Many of MIAT’s graduates could be employed in Texas, a hot spot for wind power. The state leads the nation in wind power production and has more installed wind power capacity than all but five countries in the world, according to the U.S. Energy Department. The American Wind Energy Association said that in 2017, Texas had up to 25,000 wind industry jobs.
In addition to studying hydraulics, welding and electrical theories during the seven-month program, MIAT students must learn to safely climb the roughly 300-foot towers and to rescue their colleagues should something go wrong.
“That way, when they go out in the field, I’ve personally verified that they can actively protect themselves at height,” said David Moriconi, lead wind instructor at MIAT.

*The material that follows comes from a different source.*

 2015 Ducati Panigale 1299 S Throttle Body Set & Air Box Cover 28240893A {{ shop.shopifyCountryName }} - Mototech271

So Snoddy attached his harness to a cable in the center of the ladder. He climbed to the top and transitioned to a platform, which involved unclipping from the cable at his chest and then clipping a dual-shock-absorbing lanyard to his back.
He then attached a self-retracting line—a yo-yo-like contraption that would catch Snoddy should he fall—and unclipped the shock-absorbing lanyard.
All of that had to be done before setting to work, with hand signals from below indicating that he needed to lift or lower a set of tools. And then Snoddy climbed back down the ladder in an equally safe fashion.
He passed with flying colors.
“Just seeing, in a small fragment or picture frame, how it’s going to be done on a daily basis,” Snoddy said, “that was very important to me.”
The test earned students a climb and rescue certification required by many employers.
Tony Robinette, field operations manager for renewable energy and construction at the staffing firm System One, emphasized the importance of this climb test, saying the most catastrophic injuries often come from climbing.
He also applauded MIAT, saying the students are well prepared when they graduate. It helps that MIAT has a longer training period than some other programs.
“They definitely come out and hit the ground running,” he said.
And to make the training more fun, MIAT held a competition on the eve of its official climb test. Moriconi clocked how quickly students could climb the ladder five times. That’s roughly the height of a single section on a wind turbine tower—and most towers have four sections.
The fastest time was 1 minute, 30 seconds. The slowest time was around 4 minutes, 30 seconds.
Snoddy came in second place at 1 minute, 56 seconds. Good, but not entirely satisfying.
“I’m an ex-athlete,” he said, “so I wish I came in first.”